The playbook for an information services company is offer mission critical products with limited competition, achieve high single-digit (“HSD”) organic revenue growth with price increases and cross-selling, maintain and improve high EBITDA margins, maintain a healthy capital structure, and return capital to shareholders. As a result, many companies in the group are regarded as high-quality compounders. Clarivate is an outcast. The company has suffered from low single-digit (“LSD”) organic growth, has had a poor balance sheet from financing acquisitions with debt and preferred stock, currently pays no common dividends, and has not meaningfully bought back stock. Although, Clarivate has impressive margins. I model FY-2025 EBITDA margins at 40.8% while the median of the peer group is 27.1%. While Clarivate trades at 7.4x 2025 EBITDA, the median of the peer group is almost double at 15.0x.

Investment Thesis

LSD organic growth with no meaningful volume growth will provide significant upside

Clarivate’s valuation has taken a large hit as the company’s organic growth pales in comparison to the information services peer group. As discussed in the business overview.
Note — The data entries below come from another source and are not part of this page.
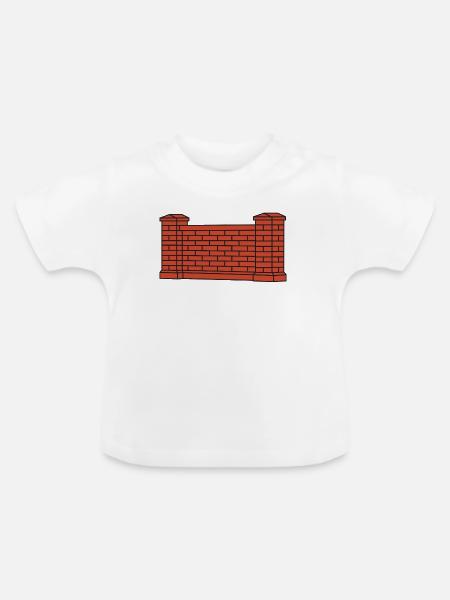 Ziegelwand Urban Stil - Baby Bio-T-Shirt mit Rundhals - Weiß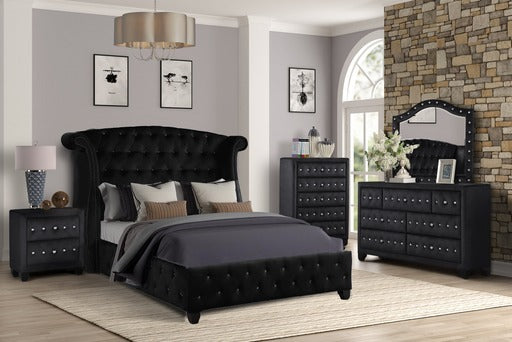 Ensemble de chambre à coucher King 5 pièces en tissu d'ameublement en bois noir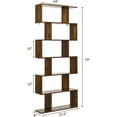 thumbnail image 3 of IFANNY 6 Tier S Shaped Bookshelf, Wooden Open Bookcase w/Anti-Tipping Device, Display Shelf Storage Organizer for Home, Office, Living Room, 31.5 x 9 x 75 inch, 3 of 9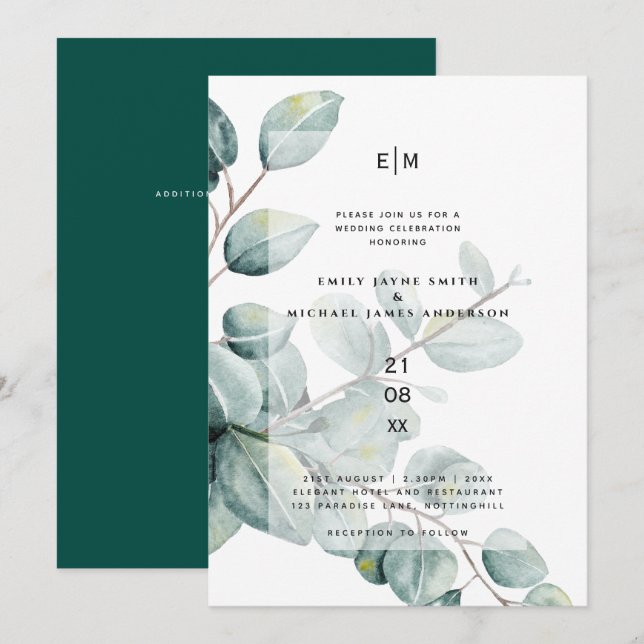 Invitation Eucalyptus moderne Feuille mariage vert invite (Devant / Derrière)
Clarivate’s portfolio of A&G, IP, and LS&H solutions are mission-critical with high barriers to entry – their products are not going away and there is no evidence to suggest that their subscription products should experience volume decline. The company may not have the same cross-selling ability and new growth areas as other information services companies. But, you do not need to believe that or management’s long-term guidance of 4-6% organic growth to get upside. I model 3% organic growth for subscription revenues going forward which will mostly come from annual price increases. I model transactional revenues declining at -1% organically and re-occurring revenues growing at 1% organically. In total, I see organic revenue growth of ~2%. As transactional revenues slowly decline and subscription grows as a % of revenue, I model a return to 41% EBITDA margins by 2026 and no further margin expansion. For perspective, EBITDA margins ranged from 41.8%-42.6% from 2021-2023. Management’s guidance is ~41.5% for 2024 and 2025 and >42% for 2026 and after.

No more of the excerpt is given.